Para acabar, es necesario señalar que los acontecimientos del 23-F coincidieron con el conflicto en torno a la entrada de España en la OTAN, una cuestión que no puede descartarse como una más que probable cuarta e importante motivación para la acción golpista. El empujón militar del 23-F podría haber tenido como objetivo forzar el ingreso con urgencia. Poco después de ganar las elecciones de 1980, el presidente norteamericano Ronald Reagan (según datos y documentos que el KGB hizo circular en aquella época) escribió una carta en la que instaba al rey Juan Carlos a “actuar con diligencia para eliminar los obstáculos que impiden el ingreso de España en la OTAN“, aludiendo a un misterioso grupo de “pacifistas del Opus Dei“. No se sabe quiénes podrían formar este misterioso grupo, ni hay certeza de que aquella carta no fuera una falsificación, como aseguró la Casa Real. Pero sí es cierto que a Adolfo Suárez se le reprochaba que diera largas al asunto durante cuatro años al frente del Gobierno. Suárez no lo veía claro y descuidaba la transición exterior, con lo que manifestaba un cierto anti-americanismo. Es difícil decir hasta qué punto la Corona se sentía presionada por los Estados Unidos, amenazada por las acciones de ETA, o convencida de la conveniencia del nuevo reparto de poder que proponían los grupos de la oposición parlamentaria.

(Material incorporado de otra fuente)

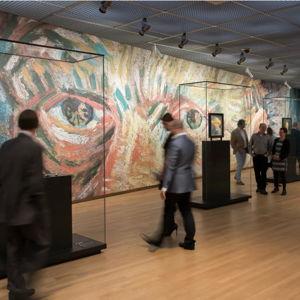 Museums in Amsterdam
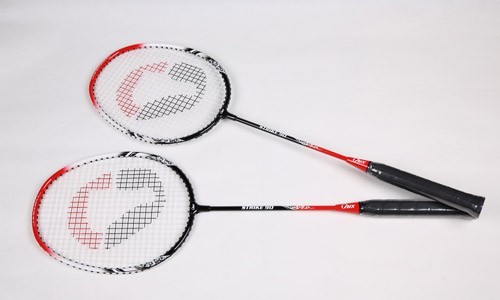 China Customized Promotions Badminton Racket Factory Produce Quotes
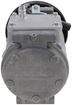AC Compressor, Intrepid 98-04 A/C Compressor, V6 | Replacement REPCH191104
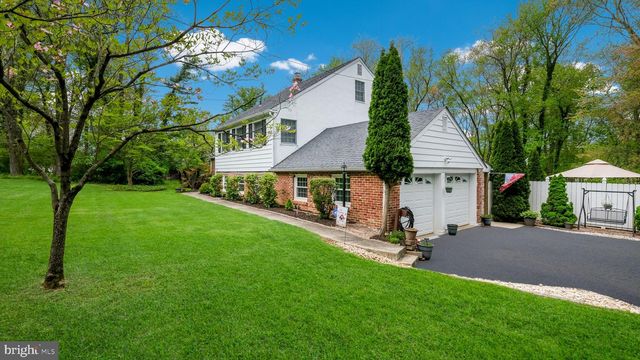 405 TOLAND DR, Fort Washington, PA 19034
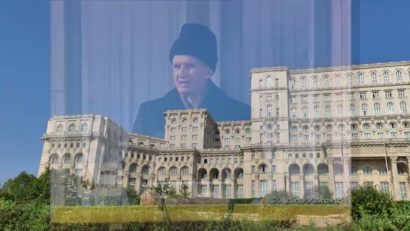 VIDEO: Povești de București – PALATUL PARLAMENTULUI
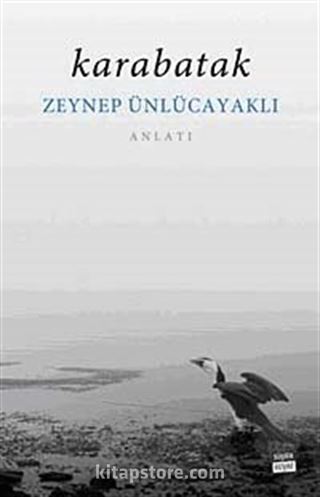 Karabatak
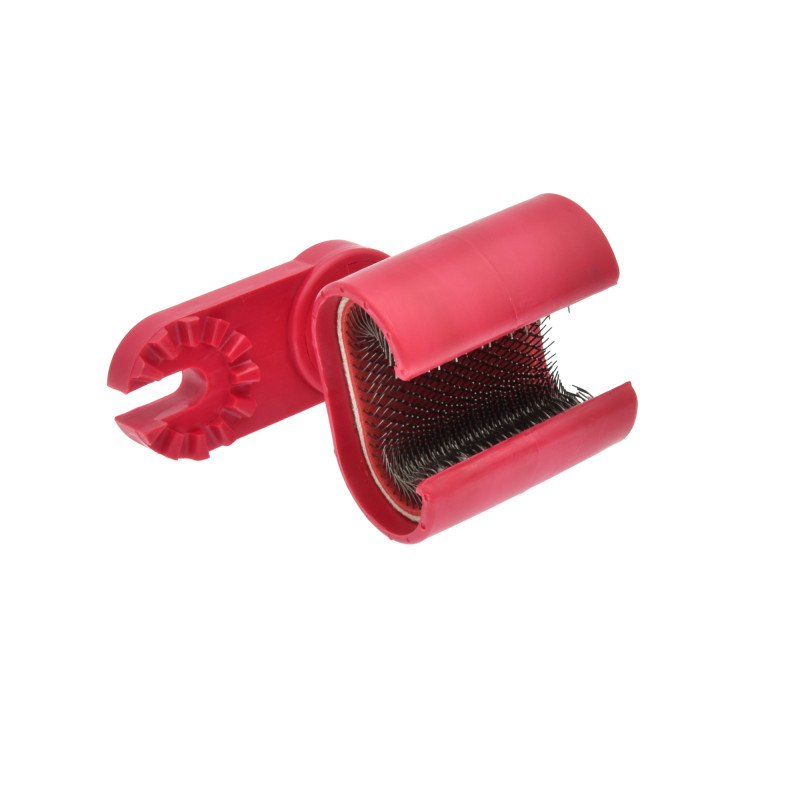 Brosse de nettoyage pour conducteur cuivre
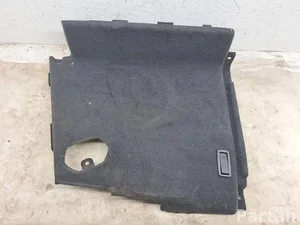 BMW 7222221 X3 (F25) 2011 Moldura del maletero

Pero las circunstancias políticas en que se encontraba hicieron exclamar a la reina, mucho más “militarona” (sobre todo, por su experiencia griega de connivencia de la monarquía con una Junta Militar), la última vez que Armada fue a los Pirineos con los reyes, al despedirse: “¡Alfonso, sólo tú puedes salvarnos!” El plan, que atendía a los intereses de los Estados Unidos, consistía en dar “un golpe de timón”, pero sin salirse del marco constitucional. Si no se actuaba así, España no podría ingresar en la OTAN, formada presuntamente por países democráticos. Éste era un requisito sine qua non. Pero a alguien se le ocurrió que se podían unir las fuerzas de todos los “motivados”, en una acción que utilizara en su favor tanto los impulsos de los golpistas más clásicos como los de los representantes del poder establecido legalmente. El plan de actuación que acabaron decidiendo combinaba la acción de Tejero (fiel a su espíritu de la “Operación Galaxia”, de golpe puro y duro para “meter al país en cintura“), con la idea de un golpe suave, al estilo de De Gaulle (inicialmente respetuoso con la Constitución y disfrutando de toda la complicidad de los principales partidos políticos con los militares), propugnado por Armada. Y añadía un elemento que parecía estar inspirado en el golpe de los coroneles griegos de 1967, bien conocido por la reina, en el sentido de que los rebeldes contaran con el apoyo del rey. Como explicaron a Tejero, sin que lo acabara de entender del todo, dentro de España la crisis se arreglaría… a la española aun cuando, eso sí, los países de fuera querrían seguir viendo la Democracia y la Corona.